• **WHAT IS EXPECTED**:
The whole listing is to be given again without alteration, except that its pictures are dropped.

• **DATA**:
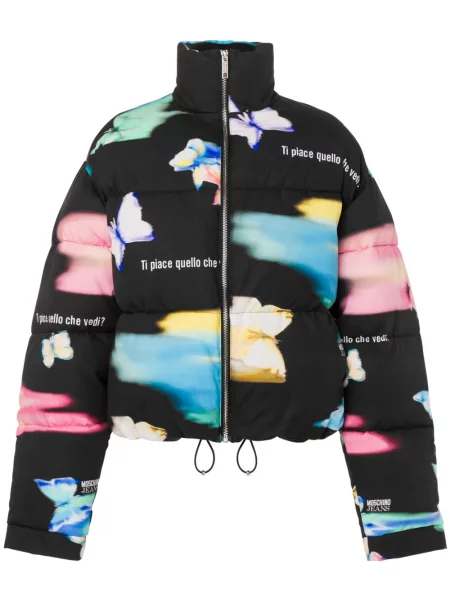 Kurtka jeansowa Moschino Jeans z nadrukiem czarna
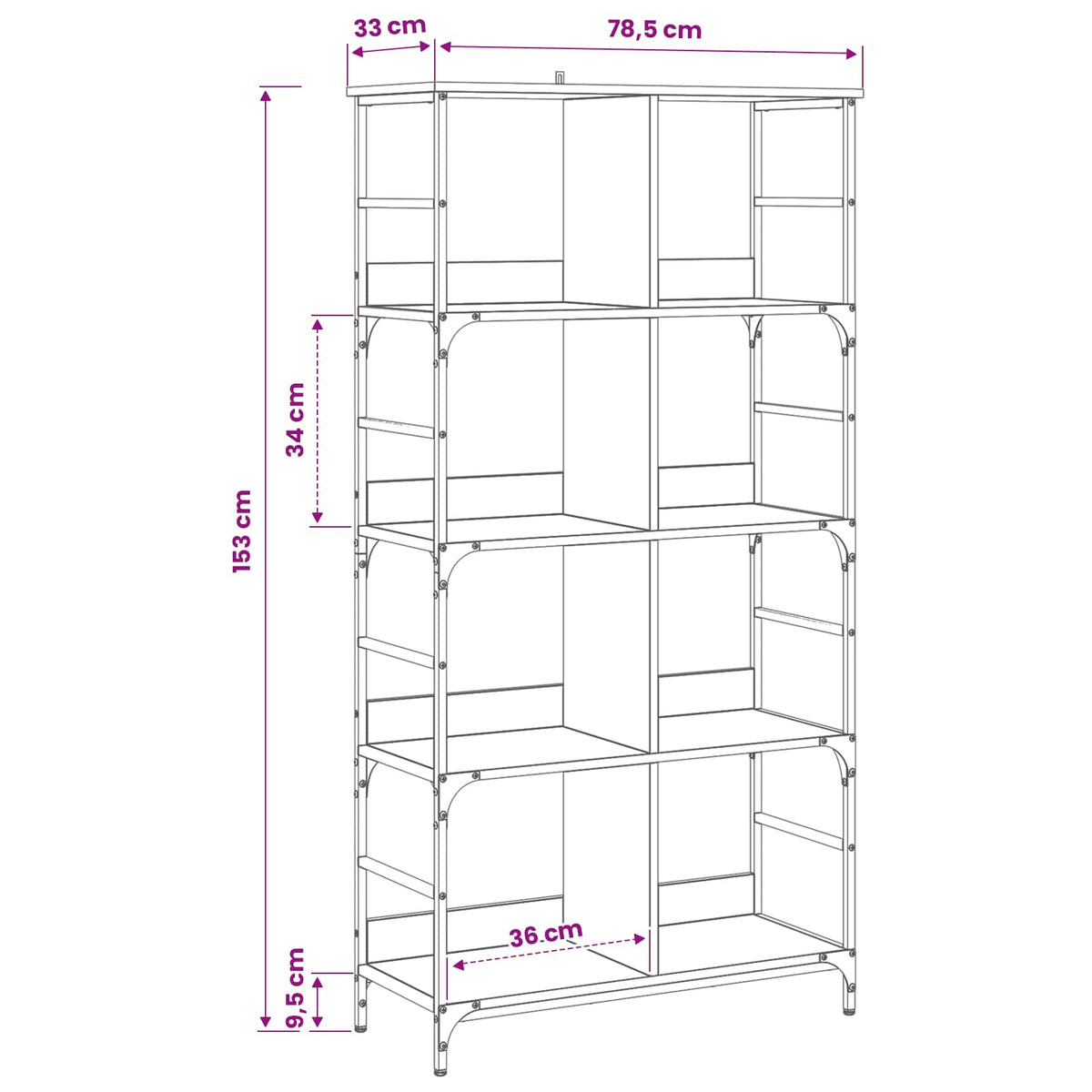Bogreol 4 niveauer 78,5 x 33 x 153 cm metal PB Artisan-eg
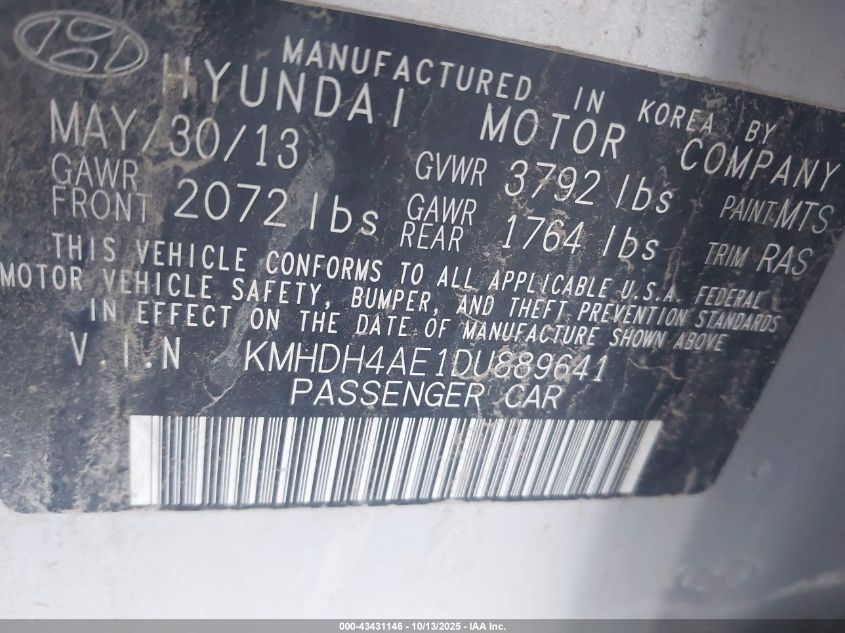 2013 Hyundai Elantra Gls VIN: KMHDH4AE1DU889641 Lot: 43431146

• **YOUR SOLUTION**:
 Kurtka jeansowa Moschino Jeans z nadrukiem czarna
Bogreol 4 niveauer 78,5 x 33 x 153 cm metal PB Artisan-eg
 2013 Hyundai Elantra Gls VIN: KMHDH4AE1DU889641 Lot: 43431146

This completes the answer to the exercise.